No sooner did we return back home in Chignik Lake than we began turning our attention to filling our freezer and smoker with salmon. Wild salmon are precious, and every last bit of salmon meat is delicious. I don’t always get the fillets off the bones as cleanly as I’d like. That’s where this dish comes in. While the photos depict a Sockeye salmon, other species work well, too, and of course a fillet works as well as a spine in this recipe.

1. Position your oven rack to the second level below the broiler. Place a broiling pan on the rack and turn on the broiler to preheat the pan and the oven.

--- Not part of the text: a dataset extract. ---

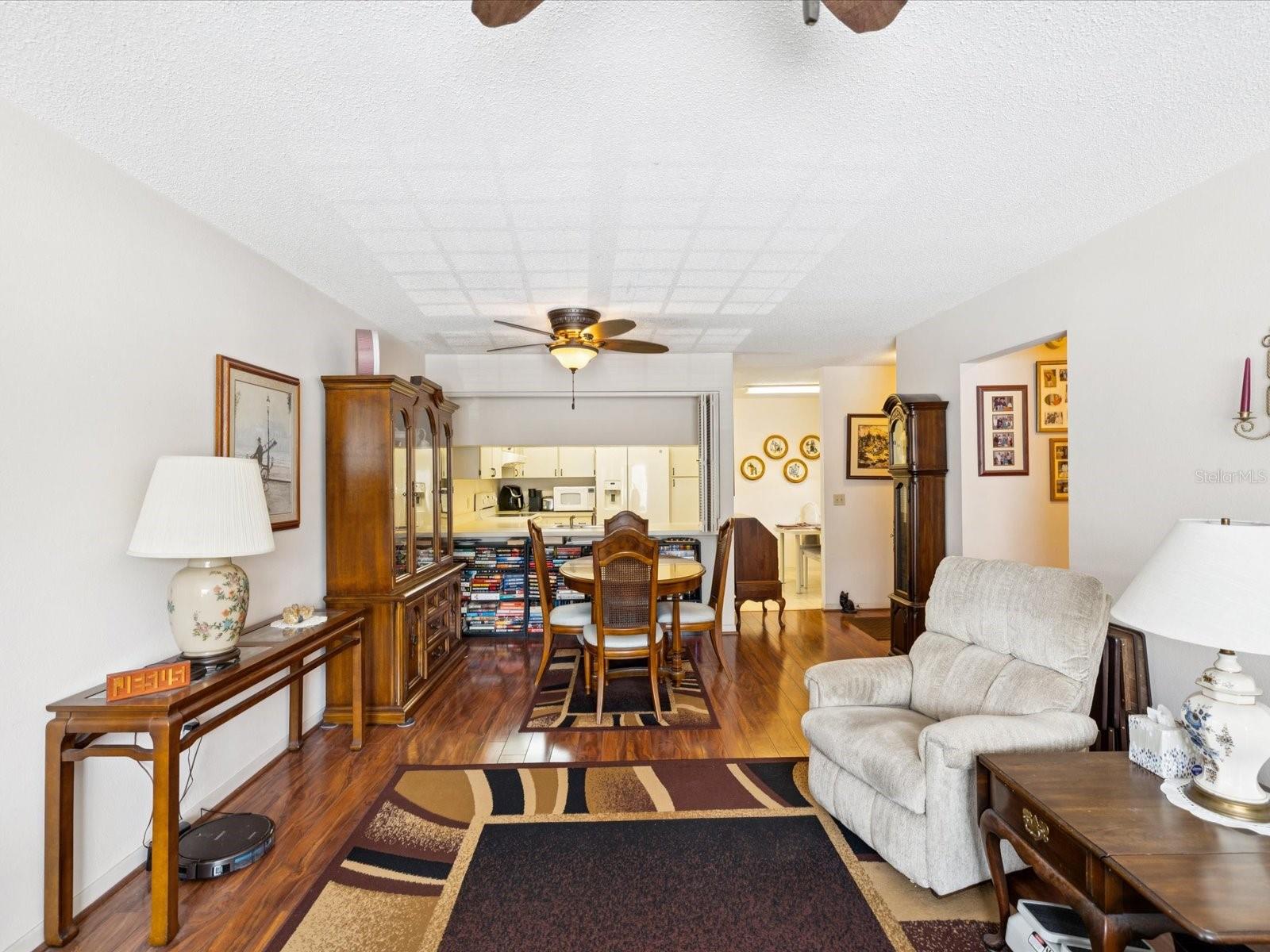 Image 18 of 48 For 12141 Spartan Way 202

2. Chop up some of your favorite vegetables. Pick ones that are hardy enough to withstand a few minutes under the broiler. Whole garlic cloves roast up soft, slightly charred and delicious in this recipe. Fruit such as pitted olives work well, too.

3. To serve two, measure out about two cups of Farfalle pasta. Other types of pasta are fine.

Mise en place: whole garlic cloves, bell peppers, Brussels sprouts, fresh oregano, sea salt, pasta and Kalamata olives. You’ll also need a good extra virgin olive oil, a broiling pan, and, of course, the salmon spine or fillet. 

4. Toss the vegetables together in a bowl along with sea salt and olive oil. Fresh or dried thyme or oregano are good herb choices.

Sprinkle salt into the vegetables to taste, add a couple of tablespoons of olive oil, then mix together. As an additional option, a tablespoon or so of mirin – a light, sweet cooking wine – adds a hint of sweetness and helps the vegetables brown and char.

5. Next, rinse the salmon in cold water and dry and clean it with paper towels. There may be some dark matter running along the spine inside the skeletal cavity. That’s the kidney. If there’s a lot of this, you can use a knife or even a spoon to scrape it out. It can be further cleaned up with a stiff brush. A toothbrush works well for this.

6. Place the salmon spine on a cutting board and give it a fairly generous sprinkling of salt.

A good sea salt (we like gray sea salt) really brings out the flavor of salmon.

7. Take the preheated broiling pan out of the oven. Use a brush or spatula to coat the surface with olive oil. Arrange the salmon and the vegetables on the pan.  It should be sizzling hot. Place the pan back into the oven and broil for about 8 or 9 minutes.

8. While the salmon is broiling, prepare the pasta according to the maker’s directions.

Colored bell peppers and Brussels sprouts char and caramelize beautifully under a broiler.

9. After about 8 or 9 minutes, remove the broiling pan from the oven. Transfer the salmon to a cutting board and use a fork to pull the meat off the bones. You want chunks of a good size to go on a fork along with a bite of vegetable and a bit of pasta.

10. Finally, plate up the pasta. Add the salmon and vegetables. Finish with freshly grated Parmesan cheese and a couple of grinds of freshly cracked pepper. Serve hot with a bright Willamette Valley Pinot Gris.